High-flying entertainment in a down-to-earth tale

FICTION  

Girl Flees Circus: A Novel 

C.W. Smith 

University of New Mexico Press  

September 1, 2022 

216 pages 

Softcover and eBook 

978-0-8263-6407-4 

 

 

In Dallas writer C.W. Smith’s enticing new novel, Girl Flees Circus, a sleepy, isolated hamlet suddenly is knocked out of its doldrums by a dramatic event. One day in the late 1920s, an out-of-fuel biplane suddenly crash-lands in the middle of the only road leading into No Name (that’s its name), New Mexico, a tiny settlement that has not yet gotten electricity or telephones. The plane narrowly misses a Model T Ford driven by the local schoolteacher, Mabel Cross, and incurs some damage both from its rough landing and from Leonard, an awkward young handyman, who accidentally tears some holes in the biplane’s fabric while trying to help the pilot he assumes is male. 

 

The flier is female, a 19-year-old aviatrix named Katie Burke. She has suffered some minor injuries. But some of the gathered locals insist they can take care of her wounds, fix her plane, and keep her entertained until the county sheriff comes around in the near future.
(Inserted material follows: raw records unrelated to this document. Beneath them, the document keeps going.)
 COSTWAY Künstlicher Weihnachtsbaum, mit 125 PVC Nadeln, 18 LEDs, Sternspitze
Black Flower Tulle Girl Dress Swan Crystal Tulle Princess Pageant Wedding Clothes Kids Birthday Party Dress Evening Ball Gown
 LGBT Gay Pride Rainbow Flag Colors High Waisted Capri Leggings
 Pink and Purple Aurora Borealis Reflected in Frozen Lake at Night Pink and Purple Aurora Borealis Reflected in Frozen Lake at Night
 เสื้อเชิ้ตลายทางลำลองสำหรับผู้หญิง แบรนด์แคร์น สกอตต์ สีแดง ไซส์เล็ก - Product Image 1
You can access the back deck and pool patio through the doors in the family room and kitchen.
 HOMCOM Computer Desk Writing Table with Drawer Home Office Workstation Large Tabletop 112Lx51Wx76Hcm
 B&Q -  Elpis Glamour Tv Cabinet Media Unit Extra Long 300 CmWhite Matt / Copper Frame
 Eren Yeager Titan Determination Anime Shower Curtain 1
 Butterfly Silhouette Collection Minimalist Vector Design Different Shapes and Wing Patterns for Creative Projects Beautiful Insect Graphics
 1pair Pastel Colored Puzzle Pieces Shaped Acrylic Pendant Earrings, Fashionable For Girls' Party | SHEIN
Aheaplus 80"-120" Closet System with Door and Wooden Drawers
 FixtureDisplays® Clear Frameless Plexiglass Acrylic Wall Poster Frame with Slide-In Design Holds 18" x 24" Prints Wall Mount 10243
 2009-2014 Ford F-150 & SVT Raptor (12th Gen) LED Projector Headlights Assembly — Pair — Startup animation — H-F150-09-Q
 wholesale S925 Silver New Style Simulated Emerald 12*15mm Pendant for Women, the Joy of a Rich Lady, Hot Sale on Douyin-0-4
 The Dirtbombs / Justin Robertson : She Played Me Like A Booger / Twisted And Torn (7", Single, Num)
They are quite curious to know more about this daring young woman who has glided down from the sky. 

 

When Katie tries to apologize for the trouble she has caused them, Mabel Cross is quick to tell her: “Well, whatever trouble you might be, we’re inclined to call excitement.” Leonard, the 18-year-old handyman, quickly develops “a case of heartthrob.” And later, Howard, a stern World War I veteran, has to face his hard feelings about his estranged daughter, Isabel, after his wife, Louise, sews up Katie’s cuts and lets her wear some of Isabel’s clothes. Others try to help, as well, not yet aware that Katie is in trouble for real.  

 

In a fit of anger at a pilot she thought would marry her, she took off in the biplane without permission and now has flown it all the way from North Carolina, making numerous stops while hoping to reach California and find her father. After crossing West Texas, she hit a storm just inside New Mexico, ran out of fuel, and had nowhere to land except No Name. Katie also has arrived with something of a checkered past. She has grown up in an air-circus family, now separated. Her mother is a wing-walker who took off with another air-circus performer.  And her father is an often-drunk pilot who has flown barnstorming aerobatics. He taught Katie to fly at age fifteen and then took her with him to handle his airmail routes and other aerial assignments when he was too hungover to work the controls.  

 

Katie’s history, her snap decision to head out on her own, and her fortitude all intrigue other characters in Smith’s new book. They begin, in different ways, to realize that they, too, can change their lives. And the choices they make for themselves become a key part of this absorbing, entertaining novel.      

 

Girl Flees Circus is also a spirited salute to the exploits and courage of “the aviatrixes of the 1910s and 1920s,” C.W. Smith notes in his book’s afterword. Smith grew up in Hobbs, New Mexico, and heard tales that Amelia Earhart had made an emergency landing on a Hobbs road in 1928 and spent the night there while attempting her first coast-to-coast flight. “Like many Americans,” he writes, “I grew up thinking Amelia Earhart was the only notable woman pilot in the twentieth century, her fame solidified by her doomed effort at flying around the globe and the mystery of its end.” But, by one count taken in 1930, Smith notes, some two hundred women had earned pilot’s licenses. “My protagonist, Katie Burke, is quick to let her people know that she is only one among many.” 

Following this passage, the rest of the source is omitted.